Exploring the space of quasi-isodynamic stellarators: a near-axis quasi-isodynamic database

Quasi-isodynamicity (QI) is a property of magnetic field configurations that supports plasma confinement—a prerequisite for achieving thermonuclear fusion—while offering several other advantageous features. These include a reduced bootstrap current and the potential suppression of certain microinstabilities. Since its inception in the 1990s, the design space of QI stellarators has been explored primarily through multi-objective numerical optimization of global equilibria. This approach has seen increased interest in recent years.

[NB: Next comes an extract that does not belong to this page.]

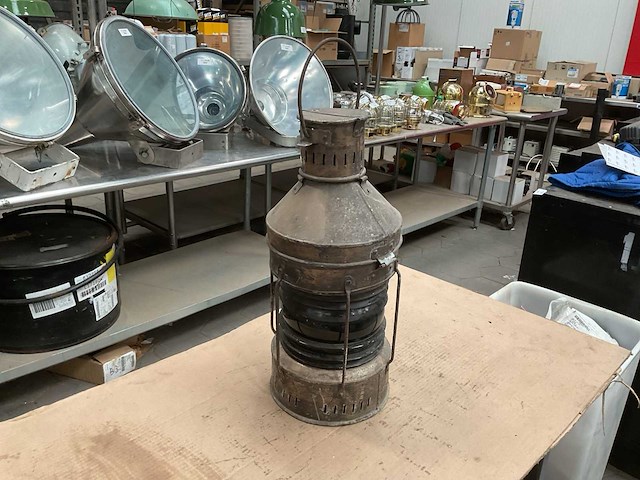 Vintage marine lamp - afbeelding 3 van  4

In this work, we investigate the QI stellarator landscape from a different perspective: using the near-axis expansion of the magnetic field. Building on recent theoretical developments, we construct a comprehensive database of stable, approximately QI magnetic configurations. These configurations span a range of field periods and controlled elongations. Our approach is grounded in a novel geometric construction method that allows for enhanced control and systematic exploration of configuration space.

To evaluate the physical quality of each configuration, we define a broad set of figures of merit within the near-axis framework. These include effective ripple, sensitivity of the Shafranov shift to changes in plasma beta, the percentage of maximum-J trapped particles, and the Rosenbluth-Hinton residual, among others. This enables an exhaustive, thorough and quantitative characterization of the database.

Our database offers a valuable window into the space of QI stellarators. It forms a foundation for identifying configurations that optimize specific physical properties that may serve as promising initial candidates for further global optimization. Furthermore, statistical analysis and modern machine learning techniques may be employed to uncover hidden correlations, identify key descriptors, and guide the generation of novel optimised configurations. With this work we initiate a long term program to complete a systematic exploration of QI stellarator design space.